Along with her sisters, Isabella's earliest musical training was with her father but she eventually studied privately with other teachers. She made her professional stage debut in 1733 in a small singing role at the Theatre Royal, Drury Lane where she appeared several more times in small roles for the next two years. This was followed by several concert appearances and she did not return to the stage again until 1737 when she sang the heroine Margery in John Frederick Lampe’s burlesque opera The Dragon of Wantley. A tremendous success, Isabella portrayed the role for several seasons in more than 100 performances. In the middle of the production's lengthy run she married the composer and subsequently created roles in all his stage works, including Thisbe in Pyramus and Thisbe (1745). Most of these productions were staged at the Covent Garden Theatre and the Lampes had a long association with that venue.

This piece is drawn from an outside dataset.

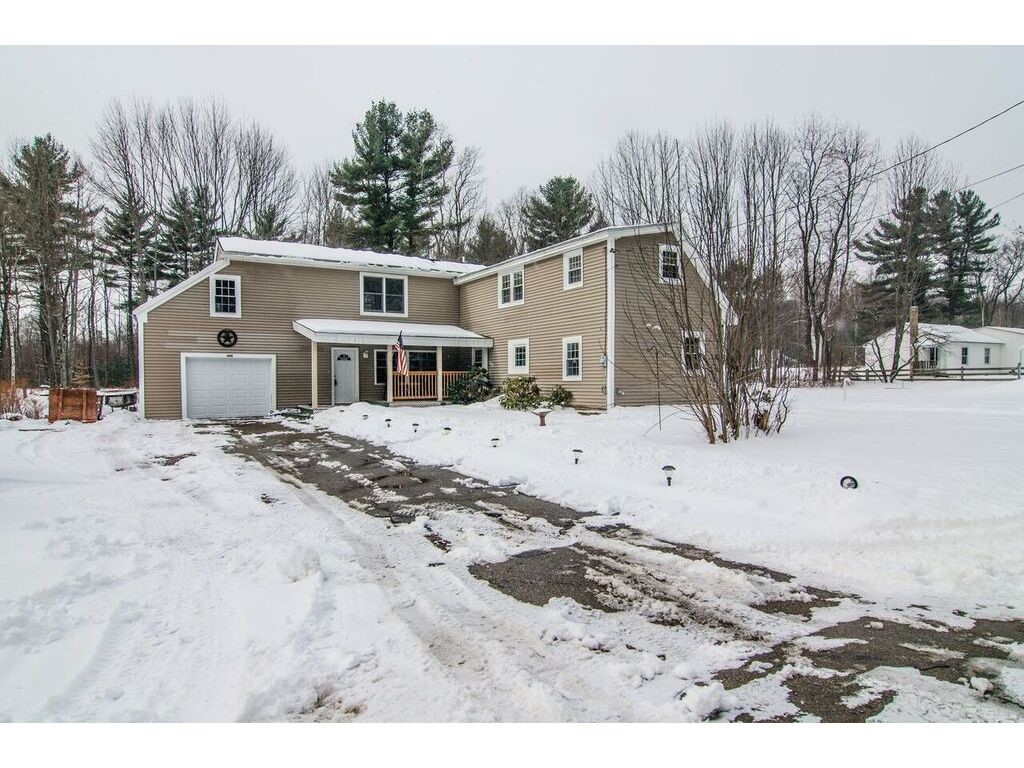 442 4th Range Road Pembroke, NH 03275 - Photo 1 of 17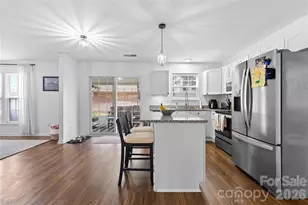 9746 Holly Park Dr, Charlotte, NC 28214 - Photo 10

In 1748 the Lampes went to Dublin and Isabella appeared for two seasons at the Smock Alley Theatre, including portraying the role of Coridon in Handel's Acis and Galatea. She also sang in numerous concerts and at the Marlborough Green pleasure gardens. In November 1750 the Lampes went to Edinburgh and, according to music historian Charles Burney, were soon "settled very much to the satisfaction of the patrons of Music in that city". Sadly, Lampe died there rather suddenly of a fever in July 1751 and Isabella went back to London.

After returning to England, Isabella continued to appear in productions at Covent Garden for the next twenty five years. She portrayed mostly roles that her husband had written for her in revivals of his works but also appeared in some new roles, mostly in musical afterpieces. Towards the end of her time with the company she sang mainly as a member of the chorus, often with her younger sister Esther. Her last season with the company was the 1775–1776 season.

Following the death of her father in 1758, Isabella's son Charles John Frederick Lampe took over his grandfather's post as organist at All Hallows, Barking-by-the-Tower. Her daughter-in-law sang for a time as Mrs Lampe at the pleasure gardens and Sadler's Wells Theatre.

Isabella died at the age of 79 in London on 5 January 1795.